• WHAT THIS TASK INVOLVES:
What you produce should be an exact transcription of the data, minus any pictures.

===== MATERIAL PROVIDED =====

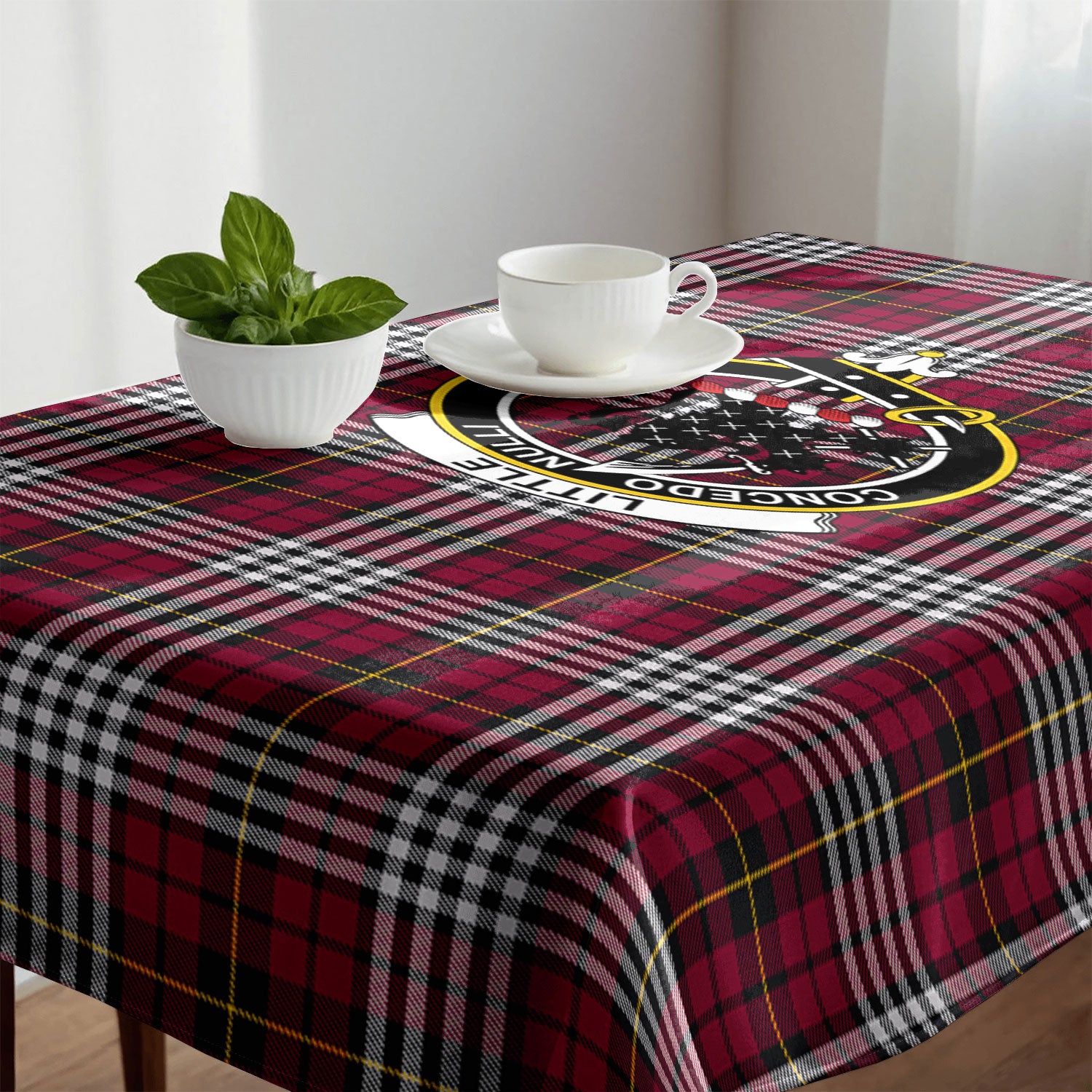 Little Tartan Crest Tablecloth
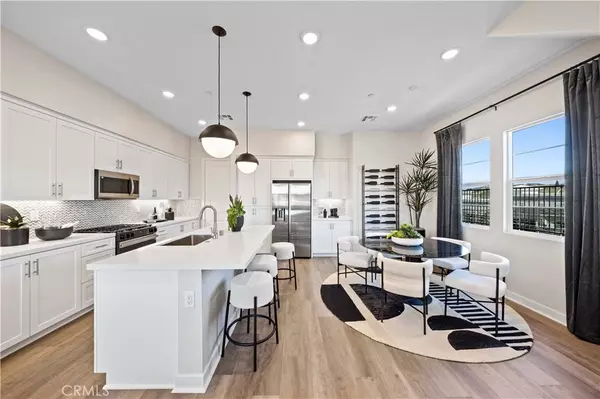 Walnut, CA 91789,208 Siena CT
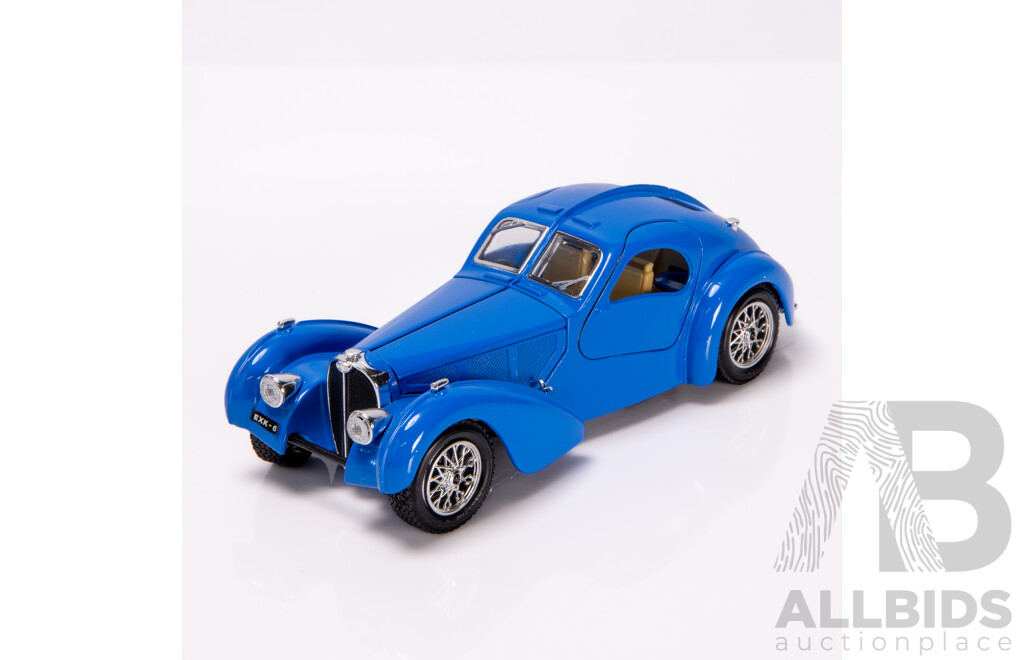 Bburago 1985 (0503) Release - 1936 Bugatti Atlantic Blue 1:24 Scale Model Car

=====

• TASK RESPONSE:
 Little Tartan Crest Tablecloth
 Walnut, CA 91789,208 Siena CT
 Bburago 1985 (0503) Release - 1936 Bugatti Atlantic Blue 1:24 Scale Model Car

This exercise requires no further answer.